7 RDD常用算子(2)（rd算法）

itomcoil 2025-07-02 21:22 11 浏览

filter()

def filter(f: T => Boolean): RDD[T]

函数说明

将数据根据指定的规则进行筛选过滤，符合规则的数据保留，不符合规则的数据丢弃。当数据进行筛选过滤后，分区不变，但是分区内的数据可能不均衡，生产环境下，可能会出现数据倾斜。

object RDD_Transform_filter {

  def main(args: Array[String]): Unit = {
    // Step1: 准备环境
    val sparkConf = new SparkConf().setMaster("local[*]").setAppName("Operator")
    val sc = new SparkContext(sparkConf)
    // Step2: 算子 filter
    val rdd = sc.makeRDD(List(1, 2, 3, 4))
    val filterRDD = rdd.filter(num => num % 2 != 0)
    filterRDD.collect.foreach(println)
    // Step3: 关闭环境
    sc.stop()
  }

}

输出结果：

1
3

应用场景，日志过滤。

object RDD_Transform_filter_LogFilter {

  def main(args: Array[String]): Unit = {
    // Step1: 准备环境
    val sparkConf = new SparkConf().setMaster("local[*]").setAppName("Operator")
    val sc = new SparkContext(sparkConf)

    // Step2: 算子 groupBy
    val rdd = sc.textFile("datas/apache.log")
    var timeRDD = rdd.filter(
      line => {
        val data = line.split(" ")
        val time = data(3)
        time.startsWith("17/May/2023")
      }
    ).collect().foreach(println)

    // Step3: 关闭环境
    sc.stop()
  }

}

日志内容：

https://gitee.com/wuji1626/bigdata/blob/master/datas/apache.log

输出结果：

220.181.108.112 - - 17/May/2023:02:04:48 +0800 "GET / HTTP/1.1" 200 9603 www.sohu.com
220.181.108.112 - - 17/May/2023:01:04:58 +0800 "GET / HTTP/1.1" 200 9603 www.iqiyi.com
220.181.108.112 - - 17/May/2023:12:04:58 +0800 "GET / HTTP/1.1" 200 9603 www.163.com

sample()

函数签名

def sample(
    withReplacement: Boolean,
    fraction: Double,
    seed: Long = Utils.random.nextLong): RDD[T]
)

参数说明：

抽取数据不放回（伯努利算法）伯努利算法：又叫 0、1 分布。
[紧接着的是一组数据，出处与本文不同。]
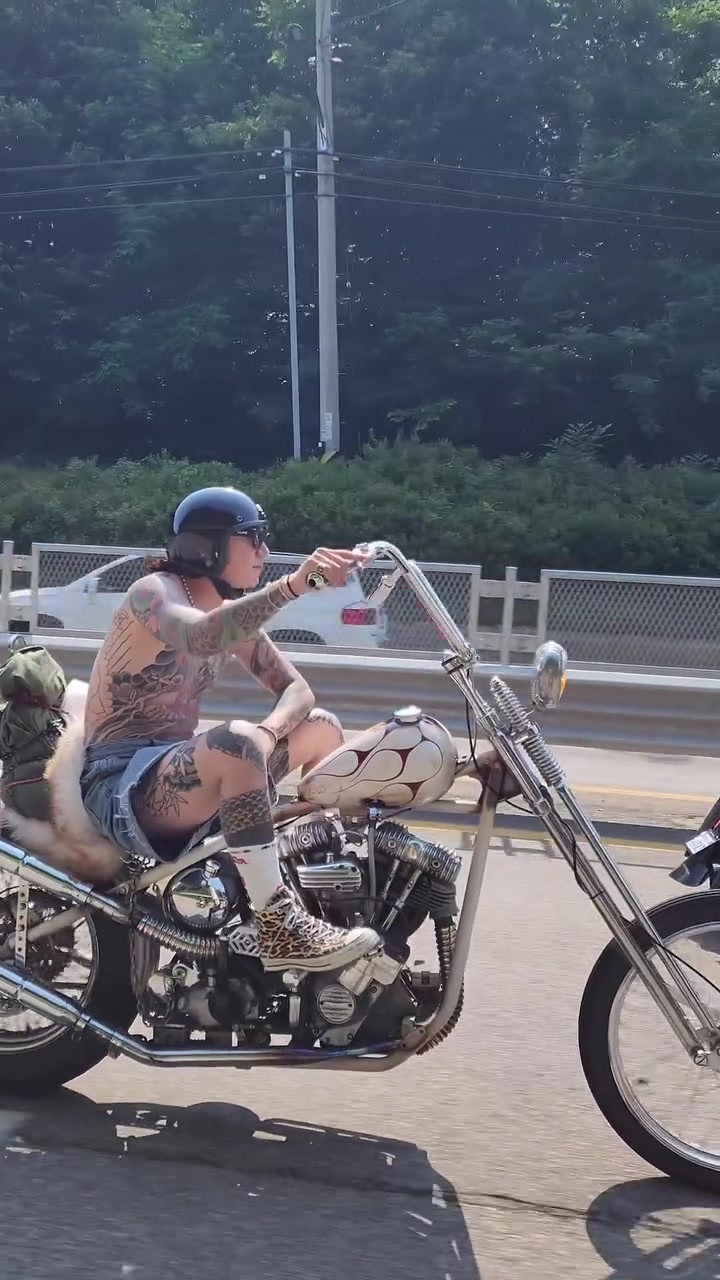 @Harley_Davidson_Lifestyle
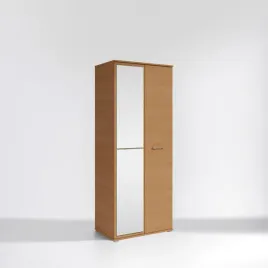 szafa-otwierana-z-lustrem-dwudrzwiowa-80cm-x-200cm-olcha-or-polki-wieszak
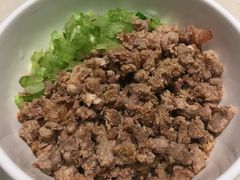 牛肉粒-海底捞火锅(勒泰店)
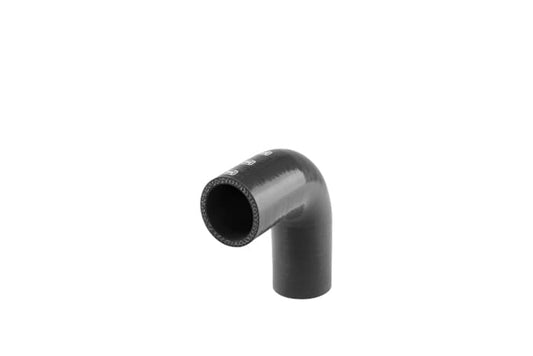 TS-HE90150-BK Turbosmart Silicon Hose 90 Elbow 1.50" BLACK
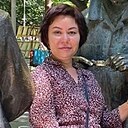 Знакомства: Саида, 53 года, Москва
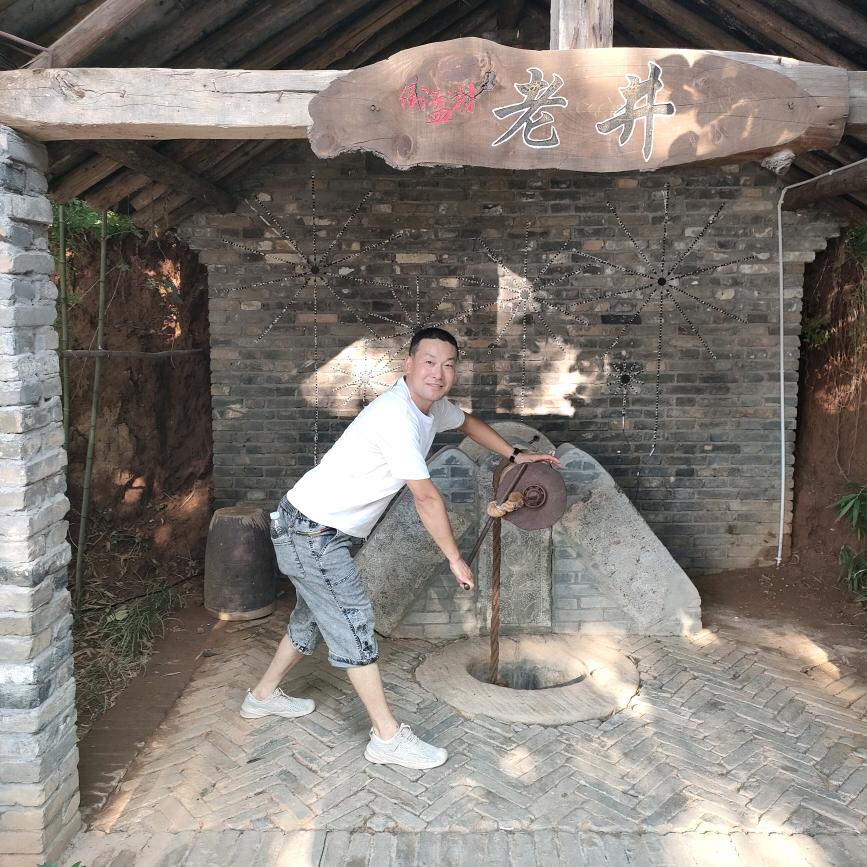 快乐一生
例如扔硬币，要么正面，要么反面。

具体实现：根据种子和随机算法算出一个数和第二个参数设置几率比较，小于第二个参数要，大于不

要

withReplacement：boolean，抽取的数据不放回，false；
fraction：Double，抽取的几率，范围在[0,1]之间,0：全不取；1：全取；
seed：Long，随机数种子。

抽取数据放回（泊松算法）

withReplacement：boolean，抽取的数据是否放回，true：放回；false：不放回；
fraction：Double，重复数据的几率，范围大于等于 0.表示每一个元素被期望抽取到的次数，但实际的抽取次数可能远大于期望值；
seed：Long，随机数种子。

def sample(
     withReplacement: Boolean,
     fraction: Double, 
     seed: Long = Utils.random.nextLong): RDD[T] 
)

def sample(
    withReplacement: Boolean,
    fraction: Double,
    seed: Long = Utils.random.nextLong): RDD[T] = {
  require(fraction >= 0,
    s"Fraction must be nonnegative, but got ${fraction}")

  withScope {
    require(fraction >= 0.0, "Negative fraction value: " + fraction)
    if (withReplacement) {
      new PartitionwiseSampledRDD[T, T](this, new PoissonSampler[T](fraction), true, seed)
    } else {
      new PartitionwiseSampledRDD[T, T](this, new BernoulliSampler[T](fraction), true, seed)
    }
  }
}

函数说明

根据指定的规则从数据集中抽取数据。

object RDD_Transform_sample {

  def main(args: Array[String]): Unit = {
    // Step1: 准备环境
    val sparkConf = new SparkConf().setMaster("local[*]").setAppName("Operator")
    val sc = new SparkContext(sparkConf)
    // Step2: 算子 filter
    val rdd = sc.makeRDD(List(1, 2, 3, 4, 5, 6, 7, 8, 9, 10))
    println(rdd.sample(
      withReplacement = false,
      0.4,
      1
    ).collect().mkString(","))
    // Step3: 关闭环境
    sc.stop()
  }
}

输出结果：

2,5,6,8

sample() 算子源码如下，

当 withReplacement 为 false 时，会使用 BernoulliSampler() 贝努力（伯努利）算法选取样本，贝努力算法相当于抛硬币，将符合人头或字的数字作为样本返回。
当 withReplacement 为 true 时，会使用 PoissonSampler() 离散概率分布算法生成样本。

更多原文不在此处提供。